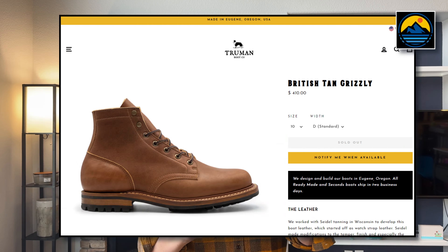Every once in a while a new boot releases that just speaks to you. You see the pictures and you know at some point you're going to own that boot. For me, the last time that happened was right before the holiday season — it was for these Truman Boot Company British Tan Grizzly plain toe boots on the 79 last. Something about the tan caramel color and the thick leather, the overall silhouette. All Truman Boot silhouettes are beautiful, but this one particularly just spoke to me.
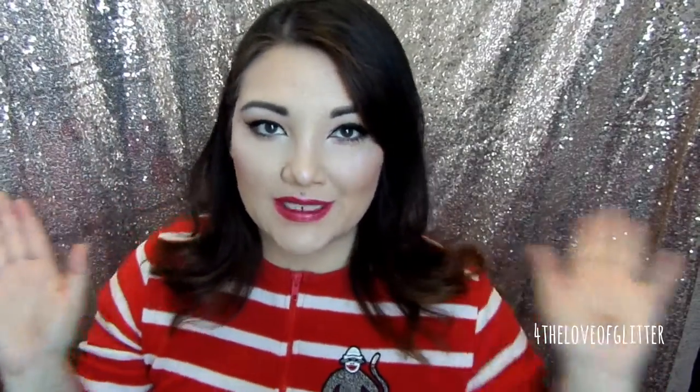Hi guys, welcome back to my channel For the Love of Glitter. I am Anna Chinon, and yes I am wearing my Christmas onesie because I'm doing a basic Christmas tutorial using as much ColourPop as I possibly could.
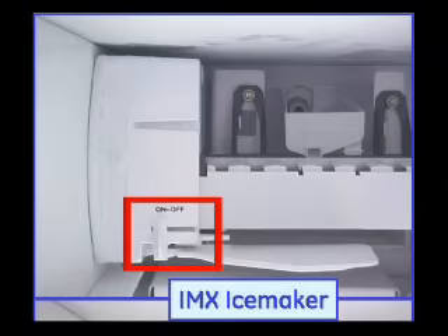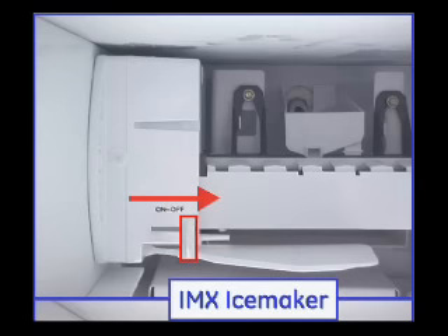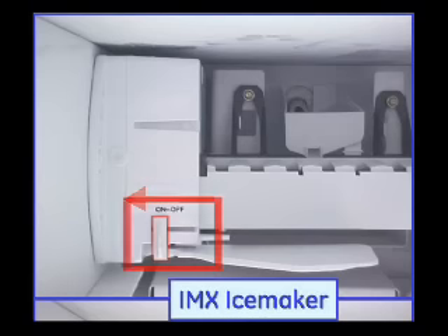If you have an ice maker with an on off switch, move the switch all the way to the off position and then all the way to the on position. Please wait 24 hours for the ice maker to produce ice.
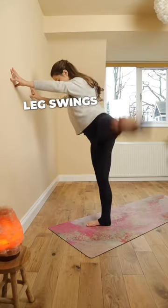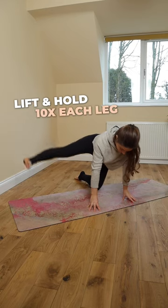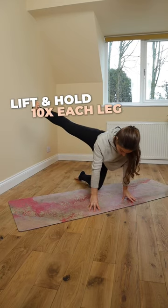I'm a long way off my side splits but this routine is really helping. I start with leg swings to warm up, 10 times each side, then practice lifting and holding the leg in tabletop.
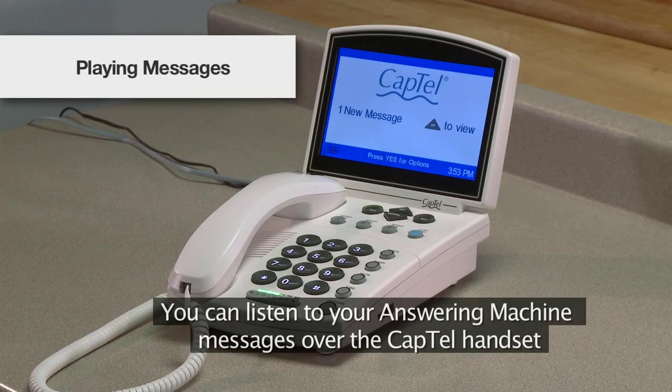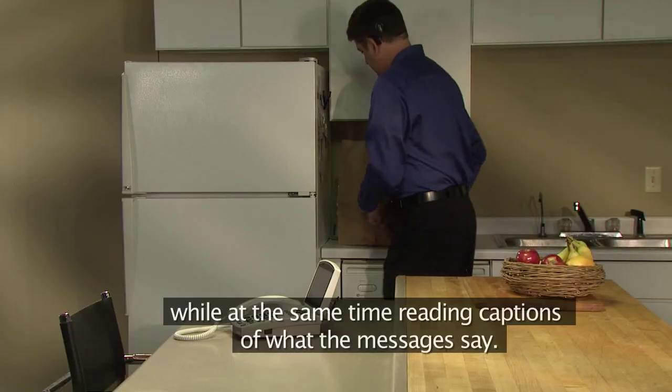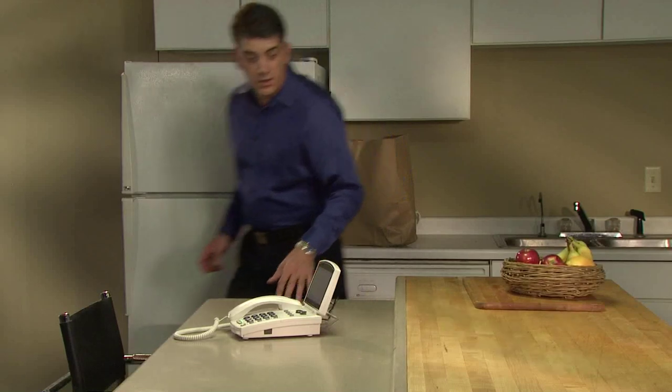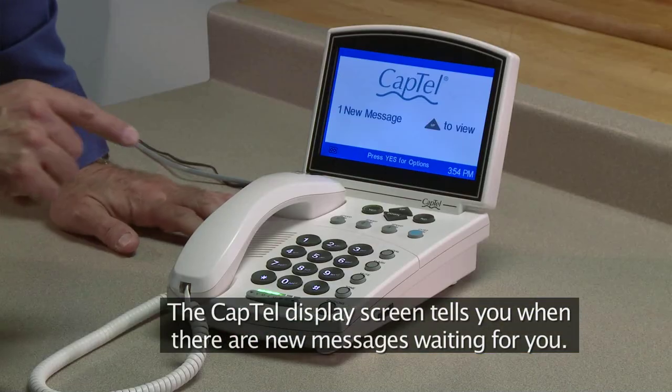You can listen to your answering machine messages over the CapTel handset while at the same time reading captions of what the messages say. The CapTel display screen tells you when there are new messages waiting for you.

**********

* Work to be completed
Where the material contains pictures, leave them out and copy the rest verbatim.

* Solved problem
Every once in a while a new boot releases that just speaks to you. You see the pictures and you know at some point you're going to own that boot. For me, the last time that happened was right before the holiday season — it was for these Truman Boot Company British Tan Grizzly plain toe boots on the 79 last. Something about the tan caramel color and the thick leather, the overall silhouette. All Truman Boot silhouettes are beautiful, but this one particularly just spoke to me.
Hi guys, welcome back to my channel For the Love of Glitter. I am Anna Chinon, and yes I am wearing my Christmas onesie because I'm doing a basic Christmas tutorial using as much ColourPop as I possibly could.
If you have an ice maker with an on off switch, move the switch all the way to the off position and then all the way to the on position. Please wait 24 hours for the ice maker to produce ice.
I'm a long way off my side splits but this routine is really helping. I start with leg swings to warm up, 10 times each side, then practice lifting and holding the leg in tabletop.
You can listen to your answering machine messages over the CapTel handset while at the same time reading captions of what the messages say. The CapTel display screen tells you when there are new messages waiting for you.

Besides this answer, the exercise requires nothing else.